This topic describes how CloudMonitor automatically processes ECS status change events by using MNS message queues.

Overview

An ECS instance status change event is triggered when the instance status changes. Specifically, a status change event can indicate changes resulting from operations on the console, the usage of APIs or SDKs, automatic scaling, detection of overdue payments, system exceptions, and more.

To automate the processing of ECS status change events, CloudMonitor provides two methods: function calculation formulas and MNS message queues. This topic describes three best practice cases that use MNS message queues.

Preparations

  • Create a message queue.
    1. Log on to the MNS Console.
    2. On the Queue List page, select the target region, and click Create Queue in the upper-right corner.
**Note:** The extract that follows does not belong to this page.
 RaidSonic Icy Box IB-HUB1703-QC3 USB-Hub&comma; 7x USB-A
    3. In the New Queue dialog box, enter the queue name (for example, ecs-cms-event) and other required information, and then click OK.
  • Create an alarm rule for status change events.
    1. Log on to the CloudMonitor Console.
    2. In the left-side navigation pane, click Event Monitoring.
    3. Switch to the Alarm Rules tab page, and then click Create Event Alerts.
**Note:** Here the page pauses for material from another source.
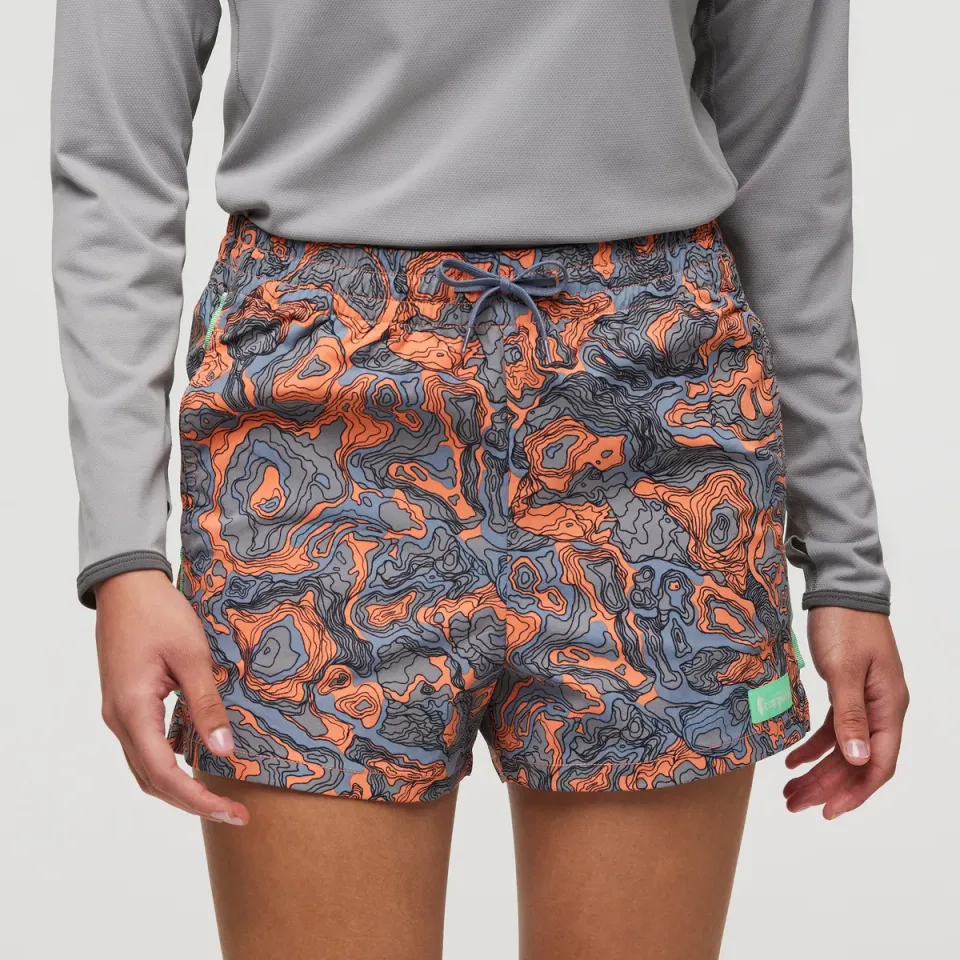 Cotopaxi Brinco Short imprimé femme scuba bleu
    4. In the Basic Information area, enter a name for the alarm rule, for example, ecs-test-rule.
    5. In the Event alert area, set the parameters as follows:
      • Set Event Type to System Event.
      • Set Product Type to ECS and Event Type to StatusNotiifcation, and set other parameters as needed.
      • If Resource Range is set to All Resources, change events of any resource will trigger notifications. If Resource Range is set to Application Groups, only change events of the resources within the specified group will trigger notifications.
    6. In the Alarm Type area, select MNS queue, and then specify Region and Queue (for example, ecs-cms-event).
    7. Click OK.
  • Install Python dependencies.

    The following code is tested in Python 3.6. You can use other programming languages, such as Java, as needed.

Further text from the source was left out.